I would always recommend using a template, if you struggle to write a cover letter.  A good website, where you can get a basic overview of what to write for each paragraph with examples, is Reed.

If you are good at writing, it’s always better to write your own cover letter using all your own words.  Each person has their own writing style, and many employers would be able to distinguish between a self-written cover letter, and one that uses snippets from other sources.  That being said, it’s always better to include a cover letter than not.  Writing your own from scratch will just give you a slight edge, against those that don’t.

When writing cover letters, the best advice I can give, is to include your own real examples.  Showing how you’re the best person for the job.  As an example, they may ask for someone who is good at website development.  If you’ve done this in a previous job, you could write about it.  You may say:

I have got an extensive knowledge and experience of developing websites.  In my website administration role at Tech Star I was responsible for creating and launching their new website at  I was the team leader for the logo design, and all of the website maintenance.

Some tips are:

  • Write about how you’re good for the role, with an example that matches their needs.
  • Lay it out correctly, as shown below.
  • Make sure there are no spelling or grammar errors.
  • If you can, get someone else to proof read it for you.
  • Add the right amount of information.
  • Don’t try to make it too fancy, by including words you don’t know the proper meaning of.
  • Don’t use too many clichés (such as I am hard working and reliable, or I’m a go getter).
  • If you know the name of the person you’re writing to, then you end the letter with: Yours sincerely.
  • If you don’t know the name, put Dear sir/madam at the start, and close the letter with Yours faithfully.
  • Fit it all onto one page and choose a good sized plain font, of around 12 or 14 points.
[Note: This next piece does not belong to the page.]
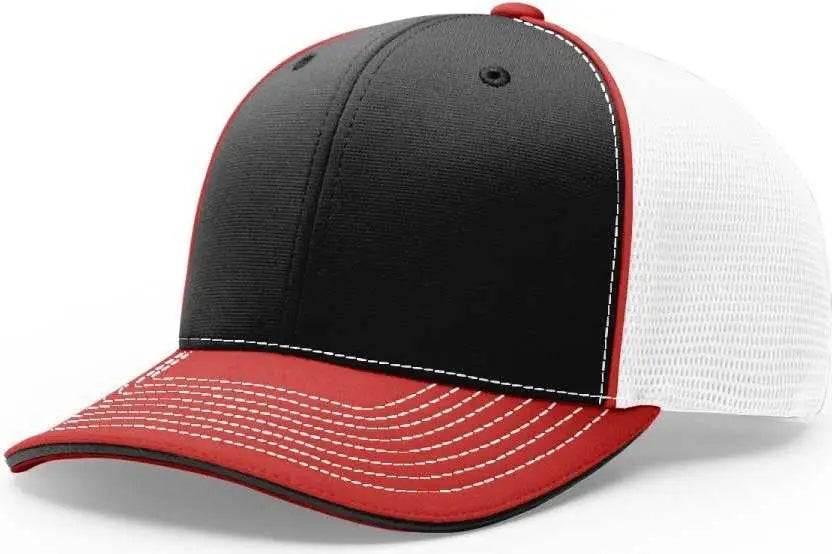 Richardson 172 Fitted Pulse Sportmesh with R-Flex Caps - Black White Red Tri - Black White / XS-SM
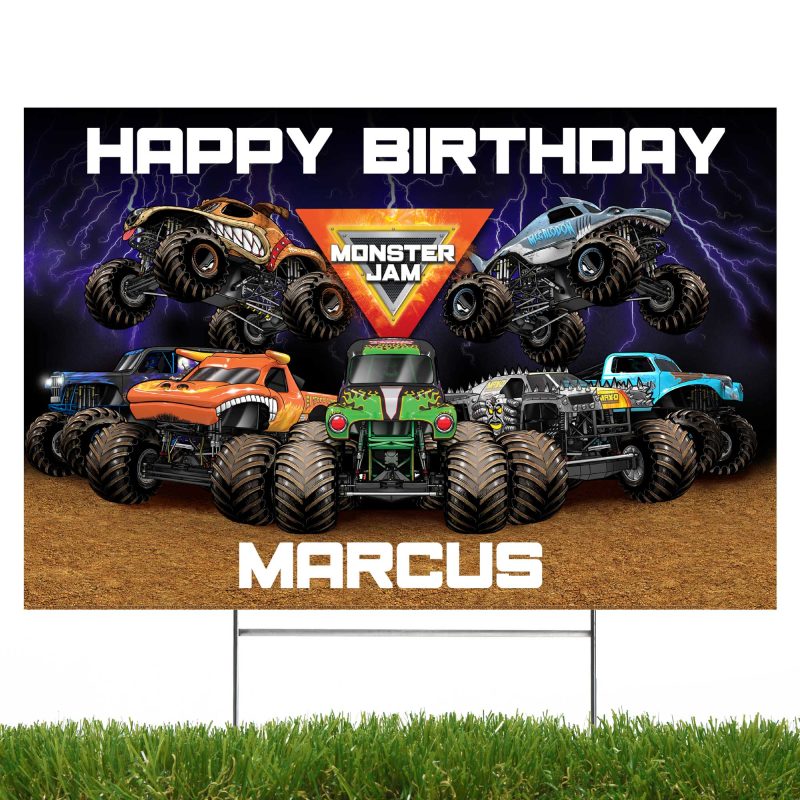 Personalized MonsterJam Yard Sign Grass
An example of a cover letter is below. I have made some details up for privacy, but the main information is included.


Website for How to: Write a Cover Letter

2 thoughts on “Step 6 – Getting a Job when your Autistic: How to Write a Good Cover Letter

  • February 8, 2019 at 12:10 am

    I am the parent of a high functioning autistic adult person. Do you think that it is best to disclose, up front (i.e. in the cover letter), that the applicant is autistic?

    • February 8, 2019 at 7:54 pm

      For me personally, I wouldn’t put that I’m autistic on the cover letter. I see a cover letter as something that summarises the main reason why you’re suitable for the job, such as a very brief outline of your qualifications and experience. In essence to sell yourself and to get the person reading to want to look at your CV or application form. Many application forms will ask to disclose disabilities so it makes it the ideal place to put it. I see a CV/resume as a replacement for an application form so if I was to mention it I would write it in there somewhere.

      Some people would not disclose it at all. Which obviously has its pros and cons. There’s never a right answer though and it could work in the applicants favour to disclose it on the cover letter, especially if the employer was actively seeking to employ people who are autistic.